And today, the film still resonates in the metal world because its message mirrors the heart of extreme music:
The world is absurd. The system is corrupt. Make noise anyway.

Behind the Scenes: A War Against Limits
Álex de la Iglesia and screenwriter Jorge Guerricaechevarría fought a brutal battle to get the film made. The script was considered too risky, too irreverent, too chaotic. Even after production began, chaos surrounded the shoot—budget cuts, hostile media reactions, and political backlash.
De la Iglesia later joked:
“We summoned every demon in Madrid just by making the film.”
The metalhead role was even inspired by real fans the crew met in Basque and Madrid bars—“kids who lived louder than the rest of the world,” as the director said.
De la Iglesia once joked that audiences laughed so hard during screenings that they barely noticed the seriousness underneath:
“People just laughed. They didn’t think too much about what I was saying. That’s why I make comedies—you can talk about things with more freedom.”
Comedy becomes camouflage for existential dread.
The film’s energy comes from this mutiny against the backdrop of the movie marketing and production companies; it was made by people who felt cinema should be wild, not polite. A film about the Apocalypse was nearly crushed by institutions trying to sanitize it—proving its entire thesis.
A Cult Classic That Still Bites
Today El Día de la Bestia feels even more relevant than in 1995. The world is louder, angrier, and more fragmented.

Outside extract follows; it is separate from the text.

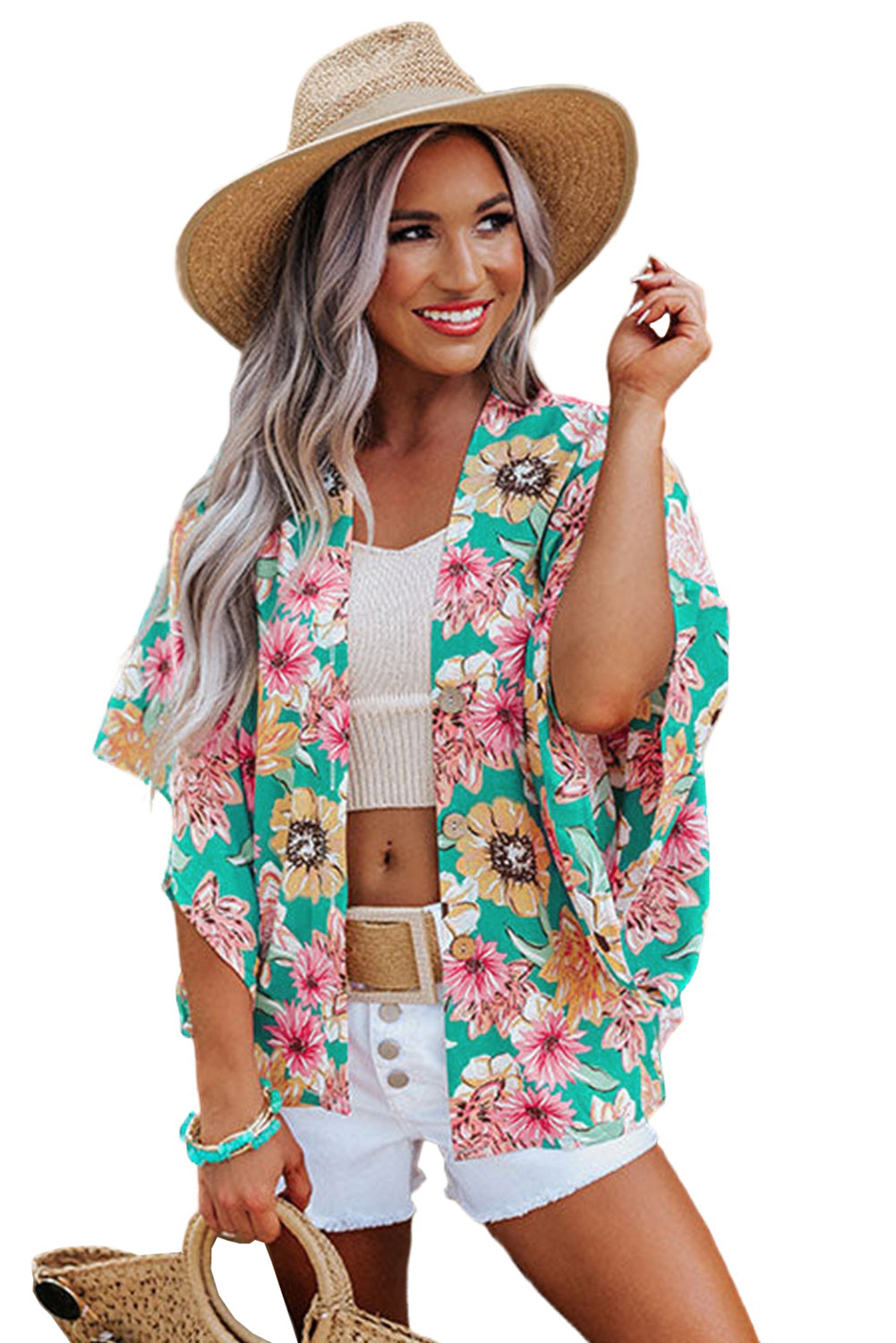 Kimono vert à imprimé floral Vacay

People drown in artificial joy, conspiracy fantasies, misinformation, and consumer rituals that promise meaning but offer none.
The film laughs at all of this, not because it’s trivial, but because laughing is the only honest reaction left when society turns the Apocalypse into merchandise.
It’s a film about us—our fears, contradictions, guilt, humor, and stubborn hope.
And in its final image—Ángel and Cavan wandering the city as nobodies after “saving” the world—the film delivers its most powerful message:
Heroes are forgotten.
Corruption continues.
The city absorbs everything.
And yet… life goes on.
Maybe the beast never left.
Maybe the beast was the city all along.
But as long as there are misfits, believers, metalheads, fools, skeptics, and dreamers wandering through it, there’s still something left worth fighting for.